In re Tidwell

CourtU.S. Bankruptcy Court — Northern District of Texas
Writing for the CourtJOHN FLOWERS
CitationIn re Tidwell, 4 B.R. 100, 2 C.B.C.2d 172 (Bankr. N.D. Tex. 1980)
Decision Date02 June 1980
Docket NumberBankruptcy No. 480-00056,Adversary No. 480-0022.
PartiesIn re Roy Lee TIDWELL and wife, Mary Jane Tidwell, Debtors. Roy Lee TIDWELL and wife, Mary Jane Tidwell, Plaintiffs, v. Robert Lee THOMAS et al., Defendants.

Clifford McMaster, Fort Worth, Tex., for plaintiff.

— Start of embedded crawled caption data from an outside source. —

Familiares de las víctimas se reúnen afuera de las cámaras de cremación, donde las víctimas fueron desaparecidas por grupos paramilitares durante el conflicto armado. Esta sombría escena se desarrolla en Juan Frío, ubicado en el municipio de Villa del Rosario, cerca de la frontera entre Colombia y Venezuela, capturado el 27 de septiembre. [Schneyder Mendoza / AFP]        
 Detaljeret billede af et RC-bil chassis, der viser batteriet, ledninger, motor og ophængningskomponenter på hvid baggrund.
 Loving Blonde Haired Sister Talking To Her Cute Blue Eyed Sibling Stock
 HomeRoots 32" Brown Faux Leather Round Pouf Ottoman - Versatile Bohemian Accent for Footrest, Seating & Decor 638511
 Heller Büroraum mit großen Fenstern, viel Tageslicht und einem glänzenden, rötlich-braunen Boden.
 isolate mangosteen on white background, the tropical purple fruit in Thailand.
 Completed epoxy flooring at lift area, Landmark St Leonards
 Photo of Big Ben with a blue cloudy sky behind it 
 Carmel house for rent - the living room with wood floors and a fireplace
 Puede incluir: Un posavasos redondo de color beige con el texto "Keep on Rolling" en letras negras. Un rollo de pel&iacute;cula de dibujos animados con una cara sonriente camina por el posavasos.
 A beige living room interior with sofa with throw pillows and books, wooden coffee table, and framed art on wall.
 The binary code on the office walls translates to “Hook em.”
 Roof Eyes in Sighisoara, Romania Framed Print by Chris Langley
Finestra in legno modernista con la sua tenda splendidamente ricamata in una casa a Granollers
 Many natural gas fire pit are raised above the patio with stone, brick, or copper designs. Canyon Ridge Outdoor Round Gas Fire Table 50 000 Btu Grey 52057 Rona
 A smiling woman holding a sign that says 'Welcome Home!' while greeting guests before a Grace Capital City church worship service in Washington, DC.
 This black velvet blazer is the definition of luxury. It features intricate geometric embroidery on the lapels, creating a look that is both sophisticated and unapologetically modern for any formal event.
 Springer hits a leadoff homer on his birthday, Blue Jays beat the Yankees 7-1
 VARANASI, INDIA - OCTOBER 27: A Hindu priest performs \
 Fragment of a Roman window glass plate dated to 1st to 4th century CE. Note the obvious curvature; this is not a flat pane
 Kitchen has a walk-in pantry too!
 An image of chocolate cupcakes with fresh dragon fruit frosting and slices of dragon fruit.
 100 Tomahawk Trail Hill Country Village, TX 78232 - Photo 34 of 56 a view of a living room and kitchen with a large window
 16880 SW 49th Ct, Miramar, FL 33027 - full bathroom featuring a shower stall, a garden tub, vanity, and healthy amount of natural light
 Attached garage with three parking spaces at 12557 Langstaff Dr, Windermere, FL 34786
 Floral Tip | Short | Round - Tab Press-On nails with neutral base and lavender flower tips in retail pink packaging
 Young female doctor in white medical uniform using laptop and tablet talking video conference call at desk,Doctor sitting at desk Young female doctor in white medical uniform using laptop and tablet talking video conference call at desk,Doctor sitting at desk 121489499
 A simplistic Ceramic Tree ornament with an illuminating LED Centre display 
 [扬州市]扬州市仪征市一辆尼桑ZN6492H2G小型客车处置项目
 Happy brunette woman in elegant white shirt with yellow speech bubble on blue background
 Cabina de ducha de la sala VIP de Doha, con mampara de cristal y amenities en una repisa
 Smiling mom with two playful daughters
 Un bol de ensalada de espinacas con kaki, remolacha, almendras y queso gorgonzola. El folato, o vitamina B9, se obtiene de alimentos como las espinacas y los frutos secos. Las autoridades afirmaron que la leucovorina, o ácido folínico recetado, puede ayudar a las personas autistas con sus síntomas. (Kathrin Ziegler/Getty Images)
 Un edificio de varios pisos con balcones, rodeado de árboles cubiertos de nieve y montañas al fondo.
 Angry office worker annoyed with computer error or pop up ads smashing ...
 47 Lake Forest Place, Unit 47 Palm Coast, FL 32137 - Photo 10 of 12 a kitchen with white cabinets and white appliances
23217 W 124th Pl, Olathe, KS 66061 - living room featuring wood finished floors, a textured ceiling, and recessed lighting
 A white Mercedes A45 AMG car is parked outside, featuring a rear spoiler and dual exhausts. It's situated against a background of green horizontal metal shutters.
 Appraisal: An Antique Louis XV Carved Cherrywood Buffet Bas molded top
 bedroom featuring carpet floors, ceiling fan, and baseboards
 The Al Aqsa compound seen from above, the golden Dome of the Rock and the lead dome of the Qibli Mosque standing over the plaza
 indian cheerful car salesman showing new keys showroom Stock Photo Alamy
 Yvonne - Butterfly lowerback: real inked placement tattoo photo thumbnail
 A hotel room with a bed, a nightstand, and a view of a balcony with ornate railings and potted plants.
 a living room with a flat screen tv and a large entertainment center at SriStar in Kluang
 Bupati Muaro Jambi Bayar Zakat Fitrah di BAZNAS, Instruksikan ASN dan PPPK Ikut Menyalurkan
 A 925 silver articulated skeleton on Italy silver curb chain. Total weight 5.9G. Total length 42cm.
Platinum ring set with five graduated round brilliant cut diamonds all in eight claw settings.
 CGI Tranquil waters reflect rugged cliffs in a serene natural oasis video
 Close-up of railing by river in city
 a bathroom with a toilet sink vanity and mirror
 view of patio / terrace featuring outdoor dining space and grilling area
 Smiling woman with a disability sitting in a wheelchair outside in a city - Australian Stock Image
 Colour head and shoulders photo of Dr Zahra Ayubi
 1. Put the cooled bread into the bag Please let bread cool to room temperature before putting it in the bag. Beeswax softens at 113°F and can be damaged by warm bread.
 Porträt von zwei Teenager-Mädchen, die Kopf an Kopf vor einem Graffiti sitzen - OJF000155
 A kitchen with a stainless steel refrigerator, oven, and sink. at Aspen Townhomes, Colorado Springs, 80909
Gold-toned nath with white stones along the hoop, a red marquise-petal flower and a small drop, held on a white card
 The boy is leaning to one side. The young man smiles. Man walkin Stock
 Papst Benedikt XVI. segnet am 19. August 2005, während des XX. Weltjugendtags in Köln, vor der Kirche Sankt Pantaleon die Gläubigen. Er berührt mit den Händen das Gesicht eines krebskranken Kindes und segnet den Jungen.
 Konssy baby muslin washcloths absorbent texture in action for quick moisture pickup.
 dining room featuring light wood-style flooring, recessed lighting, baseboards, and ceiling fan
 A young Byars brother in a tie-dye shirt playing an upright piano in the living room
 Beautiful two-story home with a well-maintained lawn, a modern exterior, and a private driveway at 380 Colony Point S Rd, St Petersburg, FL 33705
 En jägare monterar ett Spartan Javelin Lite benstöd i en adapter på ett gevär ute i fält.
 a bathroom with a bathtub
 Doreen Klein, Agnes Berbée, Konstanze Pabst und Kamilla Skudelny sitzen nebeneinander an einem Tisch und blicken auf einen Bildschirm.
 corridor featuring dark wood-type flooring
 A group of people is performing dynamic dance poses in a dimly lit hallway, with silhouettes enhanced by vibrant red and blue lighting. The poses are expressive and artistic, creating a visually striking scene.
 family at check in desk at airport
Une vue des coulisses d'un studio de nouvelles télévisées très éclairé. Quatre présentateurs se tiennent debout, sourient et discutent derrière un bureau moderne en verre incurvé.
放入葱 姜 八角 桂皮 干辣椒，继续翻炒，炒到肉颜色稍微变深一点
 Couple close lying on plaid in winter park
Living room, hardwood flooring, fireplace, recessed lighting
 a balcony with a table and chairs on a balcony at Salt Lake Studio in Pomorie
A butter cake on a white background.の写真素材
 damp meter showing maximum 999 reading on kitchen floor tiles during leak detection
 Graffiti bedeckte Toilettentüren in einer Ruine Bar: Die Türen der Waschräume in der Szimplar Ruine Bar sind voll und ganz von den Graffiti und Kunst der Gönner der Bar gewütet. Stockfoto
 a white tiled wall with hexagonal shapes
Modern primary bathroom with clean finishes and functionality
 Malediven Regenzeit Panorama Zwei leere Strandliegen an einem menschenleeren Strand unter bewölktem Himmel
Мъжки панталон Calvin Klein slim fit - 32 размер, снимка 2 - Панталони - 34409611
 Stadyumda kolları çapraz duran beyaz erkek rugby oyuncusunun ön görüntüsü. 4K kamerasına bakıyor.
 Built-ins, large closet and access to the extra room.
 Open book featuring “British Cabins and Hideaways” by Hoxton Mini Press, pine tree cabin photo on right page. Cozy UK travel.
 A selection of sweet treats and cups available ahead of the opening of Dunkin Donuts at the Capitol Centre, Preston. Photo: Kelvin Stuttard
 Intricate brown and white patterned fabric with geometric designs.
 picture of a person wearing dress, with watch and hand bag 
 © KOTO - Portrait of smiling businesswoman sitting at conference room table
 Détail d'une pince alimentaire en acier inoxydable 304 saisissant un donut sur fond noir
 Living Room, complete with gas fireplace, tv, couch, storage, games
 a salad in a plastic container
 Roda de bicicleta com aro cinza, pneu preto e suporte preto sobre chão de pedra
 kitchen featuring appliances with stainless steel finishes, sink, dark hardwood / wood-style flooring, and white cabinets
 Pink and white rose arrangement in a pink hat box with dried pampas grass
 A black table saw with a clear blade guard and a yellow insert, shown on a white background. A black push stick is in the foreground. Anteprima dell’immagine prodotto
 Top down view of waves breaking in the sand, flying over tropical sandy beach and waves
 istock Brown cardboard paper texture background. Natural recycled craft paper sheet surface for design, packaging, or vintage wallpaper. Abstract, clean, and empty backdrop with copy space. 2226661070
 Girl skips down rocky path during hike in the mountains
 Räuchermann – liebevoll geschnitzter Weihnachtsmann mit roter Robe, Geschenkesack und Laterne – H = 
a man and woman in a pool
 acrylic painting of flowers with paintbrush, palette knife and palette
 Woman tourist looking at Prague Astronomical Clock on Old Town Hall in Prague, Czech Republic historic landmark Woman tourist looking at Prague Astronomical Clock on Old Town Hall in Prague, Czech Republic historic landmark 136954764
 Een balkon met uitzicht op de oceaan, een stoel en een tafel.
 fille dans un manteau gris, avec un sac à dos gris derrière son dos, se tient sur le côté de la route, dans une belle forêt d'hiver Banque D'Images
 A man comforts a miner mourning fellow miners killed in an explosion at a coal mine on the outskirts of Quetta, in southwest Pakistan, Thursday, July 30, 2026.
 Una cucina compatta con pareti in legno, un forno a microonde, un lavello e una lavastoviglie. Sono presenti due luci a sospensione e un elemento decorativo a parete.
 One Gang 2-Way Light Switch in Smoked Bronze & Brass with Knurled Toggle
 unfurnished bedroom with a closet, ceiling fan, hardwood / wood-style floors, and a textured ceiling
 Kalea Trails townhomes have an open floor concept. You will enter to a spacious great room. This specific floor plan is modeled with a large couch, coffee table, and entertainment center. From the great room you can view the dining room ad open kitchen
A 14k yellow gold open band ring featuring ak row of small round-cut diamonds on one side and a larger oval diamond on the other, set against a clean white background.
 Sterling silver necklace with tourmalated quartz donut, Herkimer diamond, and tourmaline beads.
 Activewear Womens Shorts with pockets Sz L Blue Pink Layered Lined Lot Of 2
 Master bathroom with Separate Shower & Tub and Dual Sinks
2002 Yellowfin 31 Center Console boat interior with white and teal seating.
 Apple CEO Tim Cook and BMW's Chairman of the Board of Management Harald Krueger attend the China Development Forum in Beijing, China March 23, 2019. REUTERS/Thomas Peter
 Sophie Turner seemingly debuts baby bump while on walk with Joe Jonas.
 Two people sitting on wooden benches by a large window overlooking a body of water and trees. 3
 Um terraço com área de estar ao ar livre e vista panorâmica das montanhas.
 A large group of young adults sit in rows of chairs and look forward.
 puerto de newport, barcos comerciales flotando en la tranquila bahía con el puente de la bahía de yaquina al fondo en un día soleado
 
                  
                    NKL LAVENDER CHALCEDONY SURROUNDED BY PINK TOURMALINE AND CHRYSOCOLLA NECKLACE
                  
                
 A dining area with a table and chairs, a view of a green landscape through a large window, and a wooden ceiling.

Richard W. Wiseman, R. David Jones, Fort Worth, Tex., for defendant.

MEMORANDUM OPINION

JOHN FLOWERS, Bankruptcy Judge.

Roy Lee Tidwell and wife, Mary Jane, chapter 13 debtors, have removed this cause of action from the 18th District Court of Johnson County, Texas. The debtors were the plaintiffs in the state court action brought against Robert Lee Thomas and other defendants to declare certain liens invalid on property alleged to be the Tidwell's homestead and to enjoin its foreclosure. Defendants have moved for remand on two grounds: (1) no jurisdiction exists to authorize removal because the state court had rendered judgment and, alternately, (2) the action has been fully litigated in the state court and it is inequitable to allow relitigation of the action in the Bankruptcy Court.

Certain facts are undisputed. On February 15, 1980, the state court judge orally announced his ruling following a jury trial. On February 20, 1980, the debtors filed a chapter 13 bankruptcy case. The state court judge signed a written judgment the same day the bankruptcy petition was filed.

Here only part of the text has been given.